PROBLEM: In the records below, find the line containing "Солнцезащитные очки Carrera" and the line containing "4S3BNBD67F3027370 Photo# 2". Give again exactly those lines and every line between them, omitting the pictures.
[ENTRIES PROVIDED — start]
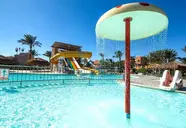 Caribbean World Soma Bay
[ENTRIES PROVIDED — finish]
[ENTRIES PROVIDED — start]
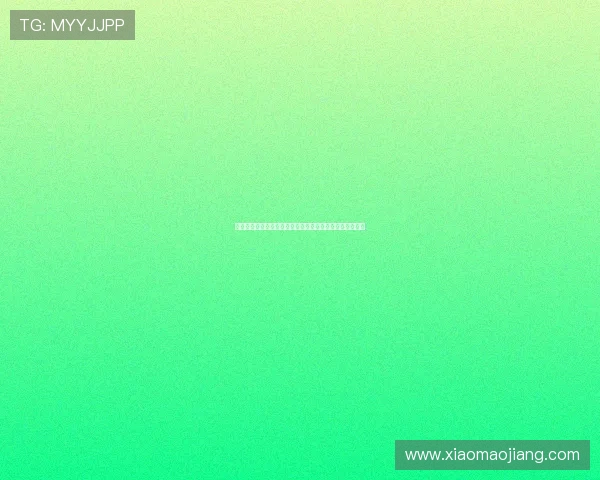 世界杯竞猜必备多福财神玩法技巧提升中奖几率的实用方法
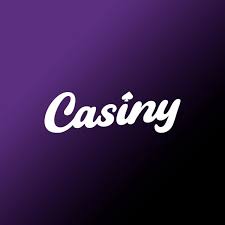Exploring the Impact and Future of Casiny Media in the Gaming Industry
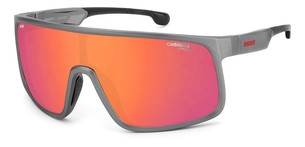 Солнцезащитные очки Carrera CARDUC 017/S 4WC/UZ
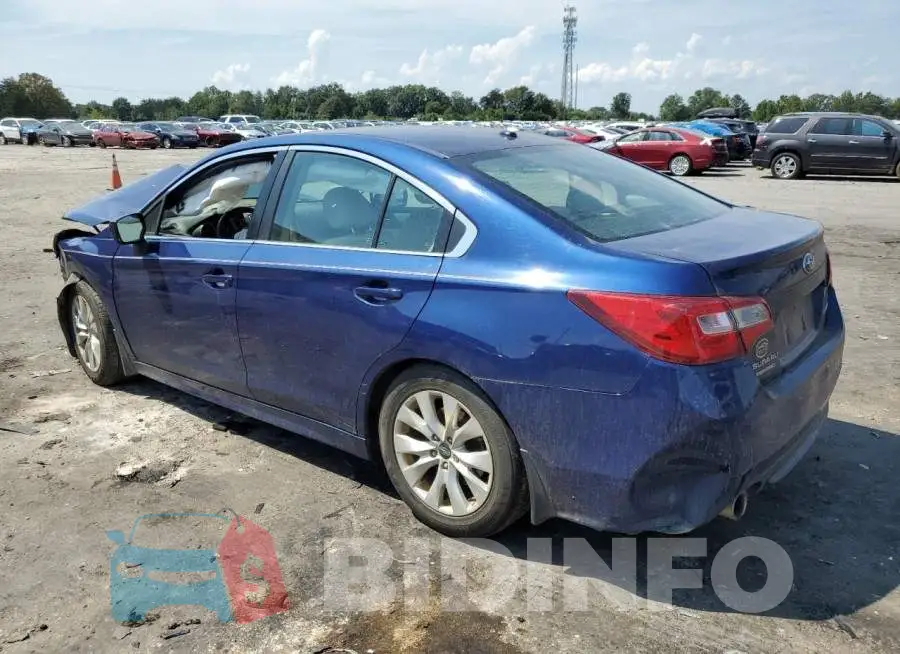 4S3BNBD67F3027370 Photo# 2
[ENTRIES PROVIDED — finish]
RESPONSE TO THE TASK:
 Солнцезащитные очки Carrera CARDUC 017/S 4WC/UZ
 4S3BNBD67F3027370 Photo# 2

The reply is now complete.